Long Gandler ( George H. Barber of counsel), for appellant.
Donohue, Bohl, Clayton Komar ( Myron Komar of counsel), for Foster-Lipkins Corporation, respondent.
Schrade, Morris Roche ( Karl H. Schrade of counsel), for George A. Fuller Co., Inc., respondent.
This is an appeal from an order of the Supreme Court at Trial Term, entered July 7, 1972 in Albany County, granting a motion by each of the defendants to dismiss the complaint and from the judgment entered thereon.
The plaintiff, an electrician, was working at the site of the Swan Street Building in the South Mall in the City of Albany. On February 21, 1969 he was directed by his employer (not a party to this action) to go to a certain area of the construction site to determine what materials would be required to complete certain electrical work.

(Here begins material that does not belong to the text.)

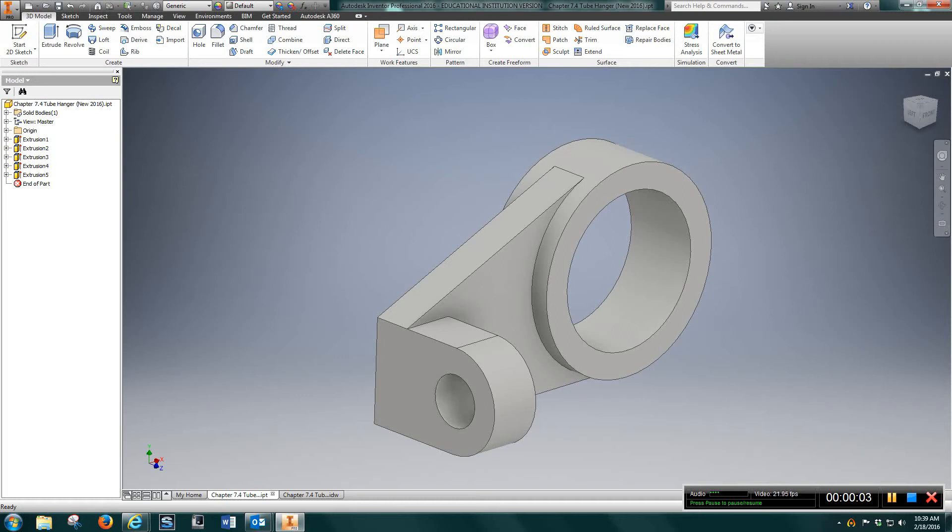Tube hanger video. All dimensions are in English.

In the course of accomplishing this task, the plaintiff had to pass from a concrete loading dock to ground level, some four feet below, by means of a wooden ramp. While walking down the ramp, he allegedly slipped and fell on ice which had collected on the ramp. This action was brought to recover damages for injuries resulting from that fall.
At the conclusion of the proof, the trial court dismissed on the ground that the evidence was insufficient to establish actionable negligence by either of the defendants. There were 10 prime contractors on the project, including plaintiff's employer, Forest Electric, and the respondent Foster-Lipkins Corporation, who was "general construction" contractor. Respondent George A. Fuller Company, Inc. was co-ordinator and supervising engineer. The relationship of contractor-subcontractor did not exist between any of these parties, although there were additional firms who were in a subcontractual relationship with respondent Foster-Lipkins Corporation.
Since Forest Electric was not a subcontractor to Foster-Lipkins Corporation, the latter was not under an affirmative duty to provide a safe place of work to the former's employees. The only duty owed by Foster-Lipkins Corporation was to refrain from active negligence by which the work site might be made unsafe (see Putvin v. Buffalo Elec. Co., 5 N.Y.2d 447, 457). Such negligence might have been established upon proof that Foster-Lipkins Corporation or a subcontractor for whose acts it would be liable had exercised control over the site of the injury, had constructed and/or installed the defective ramp, or had adopted said ramp as its own. However, the appellant's proof failed to establish these facts. The dismissal of the complaint against respondent Foster-Lipkins Corporation was, therefore, correct.
Plaintiff's cause of action against respondent George A. Fuller Company, Inc. was based on a breach of an alleged duty to administer a safety program for the entire project. This duty is said to arise from its contract with the State pursuant to which respondent Fuller's job was to supervise and co-ordinate all the work. There is no evidence whatsoever from which it could be found that respondent Fuller had asserted that the ramp was safe. The latter would constitute negligent performance of its contract, giving rise to liability with respect to one not a party to the contract who is consequently injured. It is well settled, however, that failure to perform at all is a nonfeasance which constitutes no more than a breach of contract actionable only by one in privity of contract ( Rozner v. Resolute Paper Prods. Corp., 37 A.D.2d 396; Wroblewski v. Otis Elevator Co., 9 A.D.2d 294). Plaintiff's reliance on Lo Monaco v. 43rd St. Estates Corp. ( 36 A.D.2d 722) is misplaced for there the general contractors were the owners and thus liable under their nondelegable duty to provide and keep a safe work site. A supervisory engineer, however, is not liable to the employees of prime contractors with whom he is not in privity except upon the commission of an affirmative act of negligence (see Ramos v. Shumavon, 21 A.D.2d 4). The order dismissing the complaint against Fuller was, therefore, correct.
The order and judgment should be affirmed, with costs.
COOKE, SWEENEY, KANE and MAIN, JJ., concur.
Order and judgment affirmed, with costs.